Remember how the House Republicans voted to increase the debt limit “just one more time” a few months ago? Well, I’m sure you’re as surprised as I am that Congress managed to burn through the additional debt and needs more already:
The White House plans to ask Congress by the end of the week for an increase in the government’s debt ceiling to allow the United States to pay its bills on time, according to a senior Treasury Department official on Tuesday. The approval is expected to go through without a challenge, given that Congress is in recess until later in January and the request is in line with an agreement to keep the U.S. government funded into 2013.
I note that this request for additional debt was obvious simply by observing the federal sector’s return to 4+ percent quarterly growth in the third quarter Z1 outstanding credit report.

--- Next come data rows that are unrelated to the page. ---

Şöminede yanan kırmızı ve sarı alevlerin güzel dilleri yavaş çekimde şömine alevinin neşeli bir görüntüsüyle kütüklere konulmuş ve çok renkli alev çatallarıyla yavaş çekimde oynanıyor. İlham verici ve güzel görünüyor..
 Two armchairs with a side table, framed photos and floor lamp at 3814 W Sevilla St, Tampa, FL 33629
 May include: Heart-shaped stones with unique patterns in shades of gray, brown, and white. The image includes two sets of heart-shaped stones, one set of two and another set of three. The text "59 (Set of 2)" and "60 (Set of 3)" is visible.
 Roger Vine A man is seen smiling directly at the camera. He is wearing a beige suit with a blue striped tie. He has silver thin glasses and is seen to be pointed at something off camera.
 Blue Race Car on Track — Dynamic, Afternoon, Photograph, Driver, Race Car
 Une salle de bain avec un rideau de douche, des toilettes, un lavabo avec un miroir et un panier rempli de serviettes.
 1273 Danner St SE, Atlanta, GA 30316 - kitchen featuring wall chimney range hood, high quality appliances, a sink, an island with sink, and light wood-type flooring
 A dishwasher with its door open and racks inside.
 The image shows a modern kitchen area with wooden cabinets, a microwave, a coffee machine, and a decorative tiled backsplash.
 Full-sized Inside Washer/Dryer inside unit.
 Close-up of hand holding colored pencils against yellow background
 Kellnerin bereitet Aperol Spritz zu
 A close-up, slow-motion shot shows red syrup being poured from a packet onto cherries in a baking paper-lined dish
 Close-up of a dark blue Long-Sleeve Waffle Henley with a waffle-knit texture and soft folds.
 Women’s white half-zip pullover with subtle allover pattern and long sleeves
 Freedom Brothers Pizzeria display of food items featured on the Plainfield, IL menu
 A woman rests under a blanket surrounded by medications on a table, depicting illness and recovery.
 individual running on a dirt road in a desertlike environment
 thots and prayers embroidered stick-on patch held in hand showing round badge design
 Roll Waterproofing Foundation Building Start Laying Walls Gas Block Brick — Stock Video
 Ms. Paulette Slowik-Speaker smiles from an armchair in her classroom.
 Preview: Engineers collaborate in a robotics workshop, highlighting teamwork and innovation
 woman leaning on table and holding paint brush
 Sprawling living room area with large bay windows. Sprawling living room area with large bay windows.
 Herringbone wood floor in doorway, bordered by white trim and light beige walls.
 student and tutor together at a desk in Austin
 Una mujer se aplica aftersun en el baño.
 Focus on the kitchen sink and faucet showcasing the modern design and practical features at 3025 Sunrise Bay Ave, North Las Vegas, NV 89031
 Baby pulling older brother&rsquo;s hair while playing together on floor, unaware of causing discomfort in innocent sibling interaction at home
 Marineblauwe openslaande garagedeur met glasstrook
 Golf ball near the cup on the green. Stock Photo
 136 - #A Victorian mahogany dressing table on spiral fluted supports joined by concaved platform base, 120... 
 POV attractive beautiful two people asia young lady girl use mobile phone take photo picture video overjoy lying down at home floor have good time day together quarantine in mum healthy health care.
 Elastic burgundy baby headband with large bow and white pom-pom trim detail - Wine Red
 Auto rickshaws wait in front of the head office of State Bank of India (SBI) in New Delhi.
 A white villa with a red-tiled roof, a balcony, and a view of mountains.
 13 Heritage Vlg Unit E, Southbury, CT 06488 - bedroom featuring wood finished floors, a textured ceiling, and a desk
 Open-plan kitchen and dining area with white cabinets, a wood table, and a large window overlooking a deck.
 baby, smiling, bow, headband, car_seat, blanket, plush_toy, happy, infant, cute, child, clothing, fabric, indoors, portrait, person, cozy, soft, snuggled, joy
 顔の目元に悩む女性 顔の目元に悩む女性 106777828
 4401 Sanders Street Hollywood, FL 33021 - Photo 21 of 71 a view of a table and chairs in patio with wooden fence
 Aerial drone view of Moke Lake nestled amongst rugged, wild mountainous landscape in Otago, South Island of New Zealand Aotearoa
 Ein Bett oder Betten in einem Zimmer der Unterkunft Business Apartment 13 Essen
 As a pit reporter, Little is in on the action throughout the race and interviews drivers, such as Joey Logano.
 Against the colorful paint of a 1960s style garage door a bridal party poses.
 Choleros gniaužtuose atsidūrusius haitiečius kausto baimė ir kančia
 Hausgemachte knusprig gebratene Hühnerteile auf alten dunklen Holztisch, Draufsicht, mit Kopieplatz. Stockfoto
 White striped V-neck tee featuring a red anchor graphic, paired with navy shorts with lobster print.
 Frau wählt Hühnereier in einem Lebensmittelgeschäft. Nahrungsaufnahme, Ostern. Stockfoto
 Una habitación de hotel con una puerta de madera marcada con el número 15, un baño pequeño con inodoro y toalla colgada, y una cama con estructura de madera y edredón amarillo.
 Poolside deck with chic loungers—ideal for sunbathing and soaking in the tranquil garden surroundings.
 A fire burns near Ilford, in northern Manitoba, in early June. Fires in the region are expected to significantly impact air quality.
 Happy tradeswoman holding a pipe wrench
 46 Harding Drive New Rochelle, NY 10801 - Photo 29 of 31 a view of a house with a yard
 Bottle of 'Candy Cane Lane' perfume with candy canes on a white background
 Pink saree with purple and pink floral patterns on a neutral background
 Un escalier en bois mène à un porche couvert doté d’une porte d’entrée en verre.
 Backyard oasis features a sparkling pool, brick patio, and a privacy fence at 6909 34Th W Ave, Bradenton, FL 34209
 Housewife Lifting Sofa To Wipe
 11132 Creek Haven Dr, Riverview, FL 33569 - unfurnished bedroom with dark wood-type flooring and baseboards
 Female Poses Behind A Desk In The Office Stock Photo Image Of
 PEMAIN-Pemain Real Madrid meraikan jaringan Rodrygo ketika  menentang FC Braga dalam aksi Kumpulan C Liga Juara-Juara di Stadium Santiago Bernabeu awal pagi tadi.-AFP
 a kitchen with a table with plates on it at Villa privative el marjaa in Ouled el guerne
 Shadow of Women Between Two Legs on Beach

I have been beating this drum for more than 10 years now, so if you still can’t figure out that the Republican Party is a significant part of the fiscal problem, not the potential solution they present themselves as being, you really have a severe problem with accepting reality. This isn’t to say that Obama and the Senate Democrats are any better, as they are not. But then, they don’t pretend to be the financially responsible party either.
Either Newt Gingrich or Mitt Romney would be an unmitigated disaster as president. Both of them signed a pledge not to increase the debt limit, and yet it’s clear they will do so using the “just one more time” gambit; Newt didn’t even oppose raising the debt last time so long as the deal didn’t include tax increases.
No Tax Increase in the Debt-Ceiling Deal by Newt Gingrich
“Mitt Romney, a former governor of Massachusetts, has said he would agree to increasing the debt limit only if a deal was “accompanied by a major effort to restructure and reduce the size of government.”
A major effort such as, for example, the one that supposedly cut $100 billion ten years from now… that was in the last deal.